B. Has Kelly Challenged the Delegation Provision of the Note? As explained supra, because the parties’ valid arbitration agreement contains an unambiguous delegation provision, this “court[] only retain[s] jurisdiction to review a challenge to that specific provision.” Jones, 866 F.3d at 1264. If Kelly only
challenges “the arbitration provision generally” but does not specifically challenge the validity and enforceability of the delegation provision therein, the court “must treat the delegation provision as valid and allow the arbitrator to determine the issue
of arbitrability.” Parnell, 804 F.3d at 1148. See also Humana, 2024 WL 1748434, at *5 (“When a delegation provision is not challenged, a court must treat the delegation provision as valid.”).
Even reading Kelly’s opposition to Gulfco’s Motion to Compel Arbitration with the “special care” and “leeway” due to a pro se plaintiff, Dean, 951 F.2d at 1213, the court finds she has “advance[d] only a general challenge to the
applicability of the arbitration provision” rather than a “direct challenge to the validity of the delegation provision,” Humana, 2024 WL 1748434, at *5. Despite the considerable space Gulfco dedicates to the delegation provision in its motion, Kelly never challenges its validity or enforceability. As explained supra, Kelly’s
entire strategy in opposing arbitration is to contest the Note’s arbitration provision as a whole by arguing that Gulfco “materially breached” the Note, “waived any right to compel arbitration,” or is “judicially estopped” from compelling arbitration. (Doc.
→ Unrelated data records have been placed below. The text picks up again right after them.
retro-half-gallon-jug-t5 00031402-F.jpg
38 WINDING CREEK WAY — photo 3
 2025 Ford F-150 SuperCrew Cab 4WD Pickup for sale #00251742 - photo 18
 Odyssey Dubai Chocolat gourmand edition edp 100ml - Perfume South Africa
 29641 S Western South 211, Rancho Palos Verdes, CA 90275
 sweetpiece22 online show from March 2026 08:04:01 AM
19 at 2–4). As in Humana, “[t]here is no direct challenge to the validity of the delegation provision” specifically and Kelly relies solely on “a general challenge to the applicability of the arbitration provision.” Humana, 2024 WL 1748434, at *5. Per the parties’ own contract, such a challenge is reserved exclusively for the
arbitrator, not this court. See Rent-A-Center, 561 U.S. at 72. IV. CONCLUSION For all of the reasons set out above, the court finds that there is no genuine dispute that Kelly and Gulfco entered into a “valid, irrevocable, and enforceable”
agreement to arbitrate, 9 U.S.C. § 2, that delegates the very question of arbitrability to an arbitrator. Kelly has not challenged this delegation provision, and because the court is “satisfied that the issue . . . is referable to arbitration,” id. § 3, the court ORDERS as follows:
1. Defendant Gulfco of Alabama LLC’s Motion to Compel Arbitration, (doc. 14), is GRANTED and the parties are ORDERED to submit their dispute, including the antecedent question of arbitrability, to arbitration in compliance with
the arbitration provisions of the Note. The court STAYS this case and ORDERS the parties to file a joint status report on or before January 7, 2027, and every ninety days thereafter. The court retains jurisdiction over this case for post-arbitration
proceedings authorized by the Federal Arbitration Act. 9 U.S.C. §§ 9–11. 2. Plaintiff Ashly Kelly’s Motion to Strike Affirmative Defenses, (doc. 9), is DENIED AS MOOT. 3. The Clerk of Court is DIRECTED to mail a copy of this Memorandum
Opinion and Order to Plaintiff Ashly Kelly at her address of record. DONE and ORDERED on July 7, 2026.